Missing Knowledge: Maybe for some reason, it makes sense to define some special defines upfront, etc. It also takes some time and knowledge of {fmt} to set up such a BUILD file. What is the best practice to build this lib?
Second approach: Bazelize {fmt}
Add a WORKSPACE file and BUILD file to the {fmt} repository.
This way {fmt} gets bazelized and can be used in your Bazel builds.
You could use it then this way:
Example
Create a WORKSPACE.bazel file with the following content:
load("#bazel_tools//tools/build_defs/repo:git.bzl", "git_repository")
# Fetch bazelized fmt
git_repository(
name = "fmt",
branch = "bazel-support", # A copy of master where BUILD.bazel, WORKSPACE.bazel, .bazelrc and .bazelversion are moved to root
remote = "https://github.com/<user_or_organisation>/fmt", # replace <user_or_organisation> by a valid account
)
Create a BUILD.bazel file and add a dependency to {fmt} (wit the content of fmt.BUILD).
In favor of keeping the {fmt} project directory clean, those files were not added to the project root directory (see here for details).
Third approach: Using the {fmt} repository with Bazel
Even though the {fmt} repository does not contain a WORKSPACE file in its root directory, there is an easy approach to use the {fmt} repository with Bazel out of the box.
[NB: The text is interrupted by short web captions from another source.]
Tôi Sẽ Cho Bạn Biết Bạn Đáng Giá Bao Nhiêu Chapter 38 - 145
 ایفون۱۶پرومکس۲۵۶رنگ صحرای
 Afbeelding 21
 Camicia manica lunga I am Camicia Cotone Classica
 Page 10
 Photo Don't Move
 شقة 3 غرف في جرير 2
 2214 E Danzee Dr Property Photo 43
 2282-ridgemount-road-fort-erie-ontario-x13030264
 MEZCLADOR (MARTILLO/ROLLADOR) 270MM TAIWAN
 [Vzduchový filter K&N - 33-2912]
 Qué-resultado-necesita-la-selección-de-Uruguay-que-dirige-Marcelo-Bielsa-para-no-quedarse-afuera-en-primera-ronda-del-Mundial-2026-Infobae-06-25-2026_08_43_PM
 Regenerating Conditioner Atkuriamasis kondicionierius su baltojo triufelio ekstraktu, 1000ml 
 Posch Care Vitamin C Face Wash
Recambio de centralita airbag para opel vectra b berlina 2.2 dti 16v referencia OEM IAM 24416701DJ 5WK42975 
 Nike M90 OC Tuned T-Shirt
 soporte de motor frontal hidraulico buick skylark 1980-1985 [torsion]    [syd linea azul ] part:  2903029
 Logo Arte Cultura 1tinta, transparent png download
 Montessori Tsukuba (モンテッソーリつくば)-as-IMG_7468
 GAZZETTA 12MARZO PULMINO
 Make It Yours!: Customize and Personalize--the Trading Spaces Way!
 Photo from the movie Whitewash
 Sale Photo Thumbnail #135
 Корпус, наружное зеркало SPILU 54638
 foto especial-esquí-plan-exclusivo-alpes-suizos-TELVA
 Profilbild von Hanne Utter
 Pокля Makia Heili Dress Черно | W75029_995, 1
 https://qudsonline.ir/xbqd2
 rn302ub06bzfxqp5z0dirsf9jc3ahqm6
This is demonstrated in the following example.
Add to your WORKSPACE file:
load("#bazel_tools//tools/build_defs/repo:git.bzl", "new_git_repository")
# Fetch all files from fmt including the BUILD file `support/bazel/BUILD.bazel`
new_git_repository(
name = "fmt_workaround",
branch = "master",
remote = "https://github.com/fmtlib/fmt/",
build_file_content = "# Empty build file on purpose"
)
# Now the BUILD file `support/bazel/BUILD.bazel` can be used:
new_git_repository(
name = "fmt",
branch = "master",
remote = "https://github.com/fmtlib/fmt/",
build_file = "#fmt_workaround//:support/bazel/BUILD.bazel"
)
Create a BUILD.bazel file and add a dependency to {fmt}:
cc_binary( # Build a binary
name = "Demo", # Name of the binary
srcs = ["main.cpp"], # List of files - we only have main.cpp
deps = ["#fmt//:fmt"], # Depend on fmt
)
Make use of {fmt} in main.cpp:
#include "fmt/core.h"C
int main() {
fmt::print("The answer is {}.\n", 42);
}
The expected output of this example is The answer is 42.
Forth approach: Make use of patch_cmd
load("#bazel_tools//tools/build_defs/repo:git.bzl", "git_repository")
git_repository(
name = "fmt",
branch = "master",
patch_cmds = [
"mv support/bazel/.bazelrc .bazelrc",
"mv support/bazel/.bazelversion .bazelversion",
"mv support/bazel/BUILD.bazel BUILD.bazel",
"mv support/bazel/WORKSPACE.bazel WORKSPACE.bazel",
],
# Windows related patch commands are only needed in the case MSYS2 is not installed
patch_cmds_win = [
"Move-Item -Path support/bazel/.bazelrc -Destination .bazelrc",
"Move-Item -Path support/bazel/.bazelversion -Destination .bazelversion",
"Move-Item -Path support/bazel/BUILD.bazel -Destination BUILD.bazel",
"Move-Item -Path support/bazel/WORKSPACE.bazel -Destination WORKSPACE.bazel",
],
remote = "https://github.com/fmtlib/fmt",
)
More details here.
Other libraries
I have written a few blog posts about Bazelizing different libs:
Bazel: Bazelizing Qt5 for macOS
Bazel: Bazelizing Embree 3.13.0
Bazel: Bazelizing Qt5 & Qt6
Bazel: Handling external dependencies in OpenEXR
Bazel: Offical support for OpenEXR
Bazel: Bazelizing OpenEXR
Bazel: Bazelizing Embree 3.12.1
Related
I am working on a c++ project with bazel BUILD system in the vscode IDE environment. To illustrate, one could take one of the large open source projects such as tensorflow.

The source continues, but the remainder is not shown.